Seufzend sehe ich mich um. Wie vielen Menschen ihr einziger, wahrhaftiger Weihnachtswunsch wohl nicht mit Geld erkauft werden kann? Ich weiß es nicht.
Vielleicht, denke ich mir, sind manche Wünsche dazu gemacht, Wünsche zu bleiben. Vielleicht sind manche Wünsche sogar nur deshalb so besonders, weil sie Wünsche sind. Träume.
Ich beobachte ein paar kleine Kinder, die in einer Reihe vor einem Weihnachtsmann stehen und im Chor ein Gedicht aufsagen. Ob es als Kind leichter ist, glücklich zu sein? Früher habe ich mich gefühlt als könne ich die Welt umarmen, wenn ich die Puppe unter dem Geschenkpapier erblickt habe, die ich mir so sehr gewünscht hatte. Und ich weiß, in diesem Moment war ich bedingungslos glücklich. Heute fühlt es sich manchmal so an, als würde die Welt mich umarmen und dabei ordentlich zudrücken, fest, bis ich Schwierigkeiten habe, zu atmen. Ja, vielleicht wachsen unsere Wünsche mit uns. Bis sie irgendwann nicht mehr so leicht zu erfüllen sind.
„Möchtest du für eine liebe Person einen Weihnachtswunsch verschicken?"

Ich erschrecke fast ein wenig und sehe dann auf das kleine Mädchen vor mir, das erwartungsvoll zu mir hoch sieht. Sie ist verkleidet wie ein Engel und hält eine Box mit leeren Blättern bereit, ein paar Stifte in der anderen Hand.

„Ich schicke ihn dann für dich an den Weihnachtsmann", ergänzt sie stolz und zeigt kurz hinter sich auf eine Box in unweiter Entfernung, die bemalt ist und offensichtlich die aufgeschriebenen Wünsche vieler Menschen beinhaltet. Ich muss lächeln als ich die vielen kleinen Engelchen sehe, die vor mir herumwuseln und Menschen nach ihren Wünschen fragen. Eine schöne Idee, finde ich.

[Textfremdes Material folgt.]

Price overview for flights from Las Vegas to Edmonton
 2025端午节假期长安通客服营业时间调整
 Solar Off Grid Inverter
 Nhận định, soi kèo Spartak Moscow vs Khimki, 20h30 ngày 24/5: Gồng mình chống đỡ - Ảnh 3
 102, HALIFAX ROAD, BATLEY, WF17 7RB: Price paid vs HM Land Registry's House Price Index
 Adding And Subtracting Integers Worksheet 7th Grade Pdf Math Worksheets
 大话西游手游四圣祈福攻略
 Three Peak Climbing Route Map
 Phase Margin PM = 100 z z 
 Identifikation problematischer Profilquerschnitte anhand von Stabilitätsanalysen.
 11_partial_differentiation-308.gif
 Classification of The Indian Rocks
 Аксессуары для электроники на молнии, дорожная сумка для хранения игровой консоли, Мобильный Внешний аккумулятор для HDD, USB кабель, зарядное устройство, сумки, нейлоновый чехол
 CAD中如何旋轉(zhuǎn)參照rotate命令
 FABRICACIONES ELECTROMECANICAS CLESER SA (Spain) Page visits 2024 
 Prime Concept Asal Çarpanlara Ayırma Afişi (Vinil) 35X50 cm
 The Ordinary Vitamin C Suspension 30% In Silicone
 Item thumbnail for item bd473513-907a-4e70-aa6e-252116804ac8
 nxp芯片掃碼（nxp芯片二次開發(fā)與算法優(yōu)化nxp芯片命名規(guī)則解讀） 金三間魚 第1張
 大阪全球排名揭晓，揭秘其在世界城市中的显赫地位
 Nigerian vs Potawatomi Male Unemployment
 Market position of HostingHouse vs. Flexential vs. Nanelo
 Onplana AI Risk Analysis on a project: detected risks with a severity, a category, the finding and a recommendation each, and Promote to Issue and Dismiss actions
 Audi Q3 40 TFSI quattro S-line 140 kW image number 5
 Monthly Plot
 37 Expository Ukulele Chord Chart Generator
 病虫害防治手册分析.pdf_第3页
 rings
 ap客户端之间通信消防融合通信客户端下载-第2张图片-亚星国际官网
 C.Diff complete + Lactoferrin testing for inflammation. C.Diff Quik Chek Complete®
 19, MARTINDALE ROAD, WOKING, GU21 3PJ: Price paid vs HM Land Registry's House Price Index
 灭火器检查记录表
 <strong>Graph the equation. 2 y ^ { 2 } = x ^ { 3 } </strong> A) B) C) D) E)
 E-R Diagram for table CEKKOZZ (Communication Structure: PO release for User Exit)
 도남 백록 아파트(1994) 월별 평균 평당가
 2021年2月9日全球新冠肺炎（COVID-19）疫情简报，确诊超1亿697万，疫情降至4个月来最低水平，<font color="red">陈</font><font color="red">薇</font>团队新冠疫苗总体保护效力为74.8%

„Sehr gerne sogar." Ich gehe ein wenig in die Knie, sodass wir auf Augenhöhe sind. Die Kleine mir gegenüber strahlt, reicht mir sofort einen Zettel und einen Stift. Es rührt mich, dass ich sie mit meiner Einwilligung so glücklich mache, vielleicht bin ich somit ein Teil davon, dass sie auch nur einen Tag ihres Lebens länger mit einem Strahlen in den Augen durch die Welt geht, überzeugt davon, dass alle Menschen gut sind und niemand auf der Welt ihr etwas wirklich Böses möchte. Ich bemerke plötzlich, dass ich ihr eine ganze Zeit lang stumm ins Gesicht gesehen hatte.

Ja. Sie ist wie ich. Sie ist das neunjährige Mädchen, das meine Mutter zurzeit in mir sieht. Das ich einmal war und gerade so gerne wieder wäre. Das eine Puppe bekommen wird und in diesem Moment nichts als pures, reines Glück verspüren wird.
„Es kann auch ein Wunsch für dich selbst sein." Sie deutet auf den Zettel, den ich bereits in der Hand halte. Ich lächele sie an und sehe dann ebenfalls darauf.

Nein.

Ich werde diesen besonderen Wunsch nicht für mich verschleudern. Ganz bestimmt nicht.
Mir ist sofort klar, wem er gelten soll. Für wen die Kleine ihn an den Weihnachtsmann schicken wird.
Freiheit schreibe ich darauf. Und denke dabei an eine ganz besondere Person.